# Assignment
Give back exactly the line containing "51mm 60mm Silenciador" and all that follow it in the data below, with the pictures left out.

# Dataset
══════════════════════════════

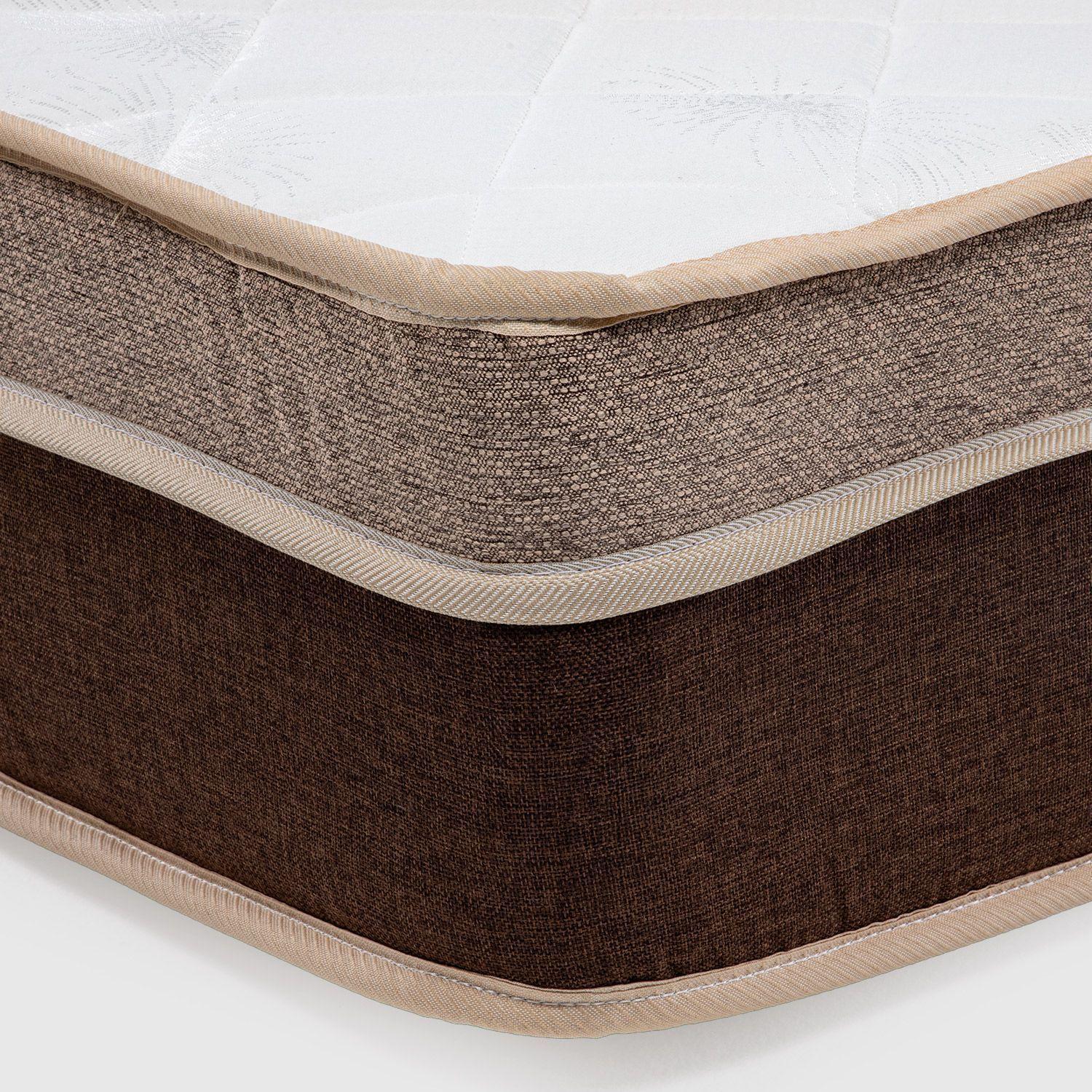 Colchón Canaima 1.5 Plazas Chocolate 105x190x26 Cm Resorte Bonell Dual Side-3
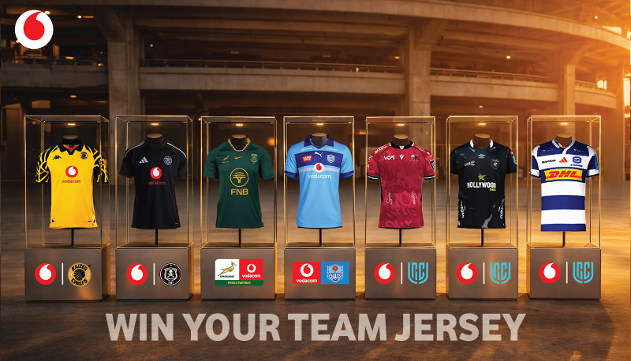 Vodacom's tweet photo. Stand tall. Back your team. Win big 🏆
Drop a ❤️ + ENTER now👉 https://t.co/p2D8h3YqUU

Competition closes 31 May 2026 | Ts &amp; Cs apply https://t.co/t9LJdmIK6g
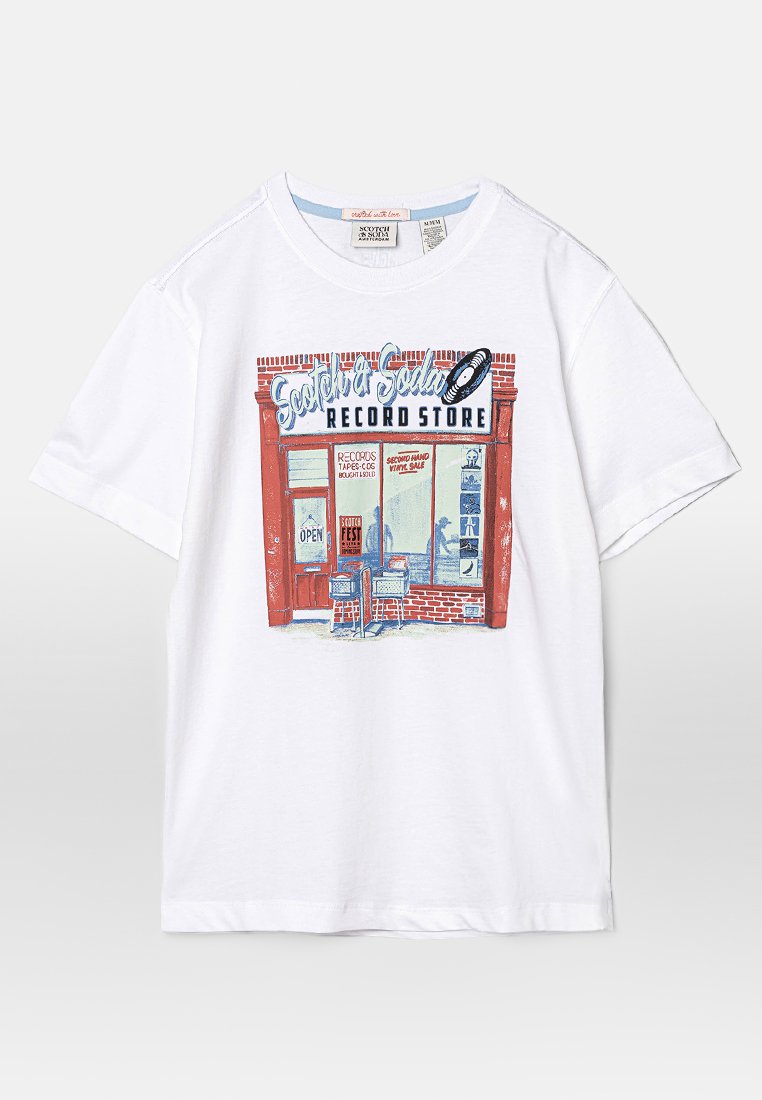 Scotch & Soda T-shirt print wit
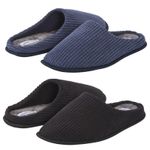 Mens Slip On Slippers Thermal Indoor House Shoes Non Slip Sole UK Sizes 7-12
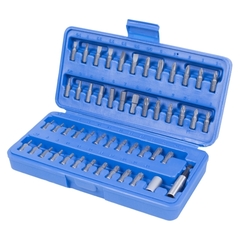 KING TONY (1050CQ) Набор вставок (бит) 1/4", HEX, TORX, Phillips, Slotted, Pozidriv, 50 предметов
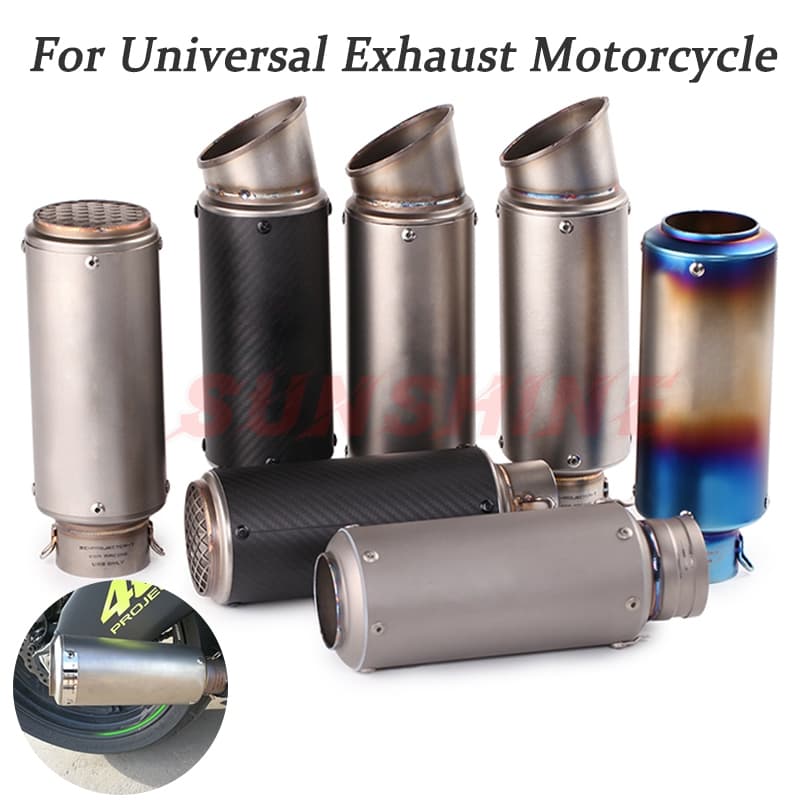 51mm 60mm Silenciador De Escapamento De Motocicleta Tubo De Motocross Projeto SC Para Universal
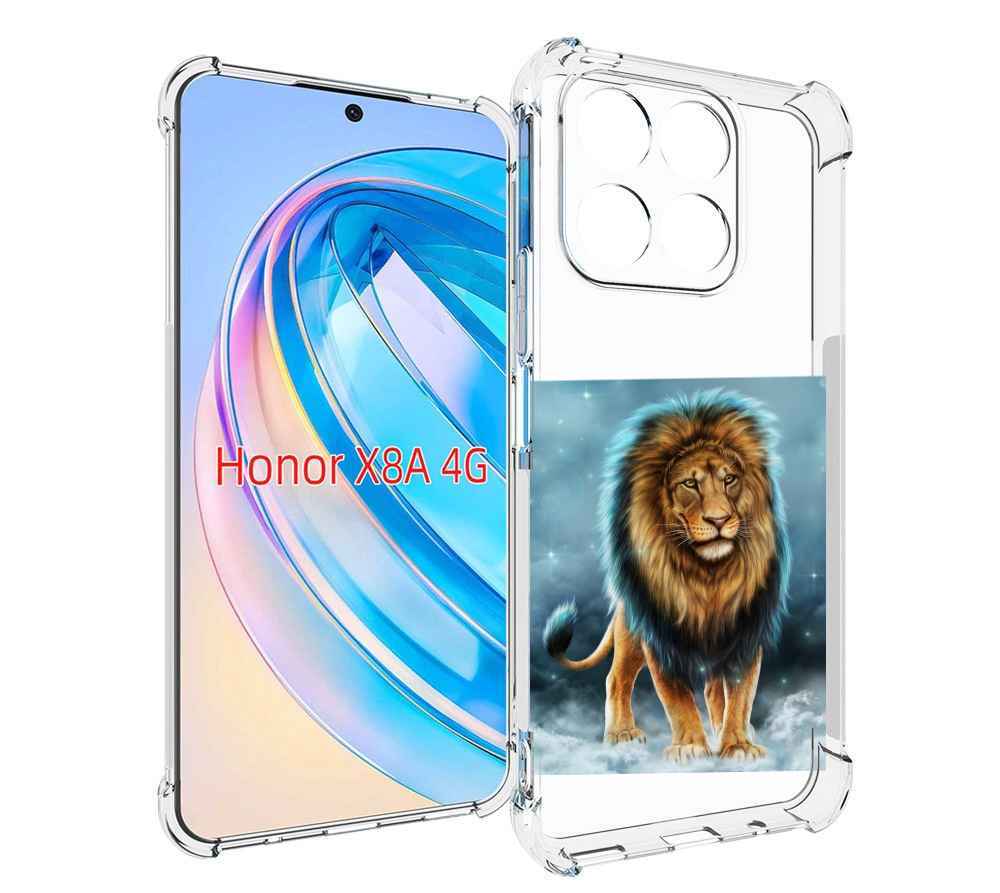 

Чехол MyPads Лев-в-тумане для Honor X8a, Tocco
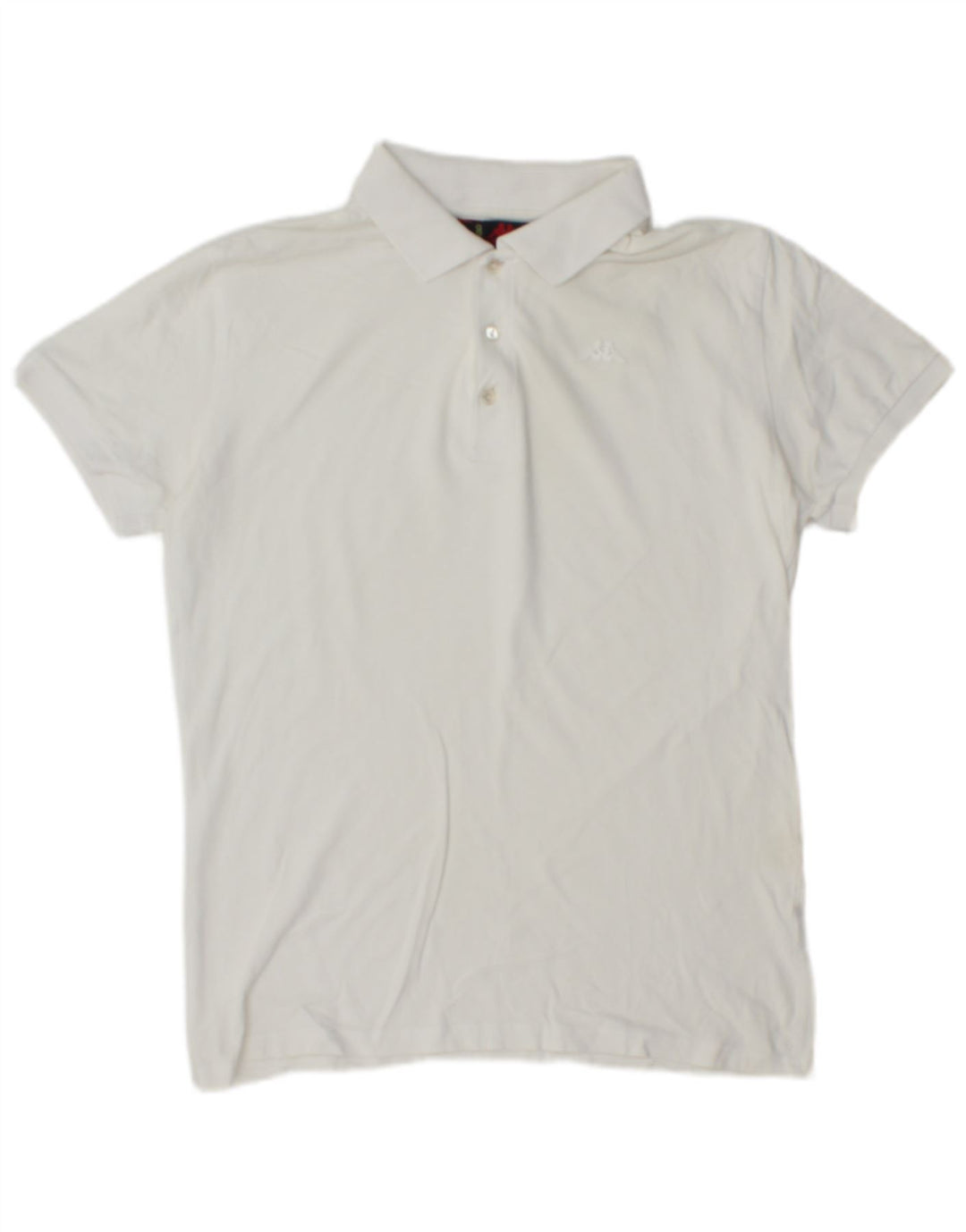 Polo Kappa Uomo Large Bianca
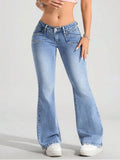 Low waisted women's pants, jeans
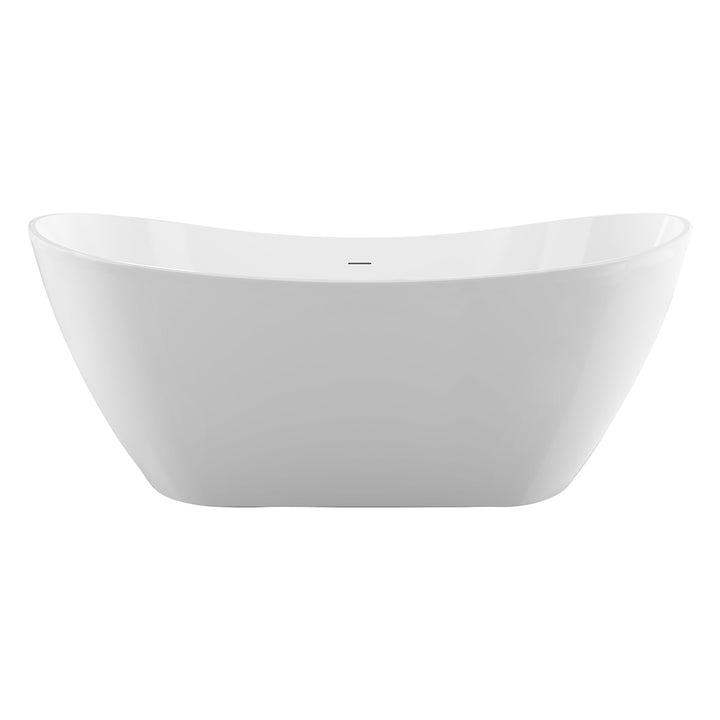 1700 Freestanding Whirlpool Freestanding Bath Suite With Rimless Back to Wall Toilet - VODASUITE32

══════════════════════════════

# Answer below
 51mm 60mm Silenciador De Escapamento De Motocicleta Tubo De Motocross Projeto SC Para Universal

Чехол MyPads Лев-в-тумане для Honor X8a, Tocco
 Polo Kappa Uomo Large Bianca
 Low waisted women's pants, jeans
 1700 Freestanding Whirlpool Freestanding Bath Suite With Rimless Back to Wall Toilet - VODASUITE32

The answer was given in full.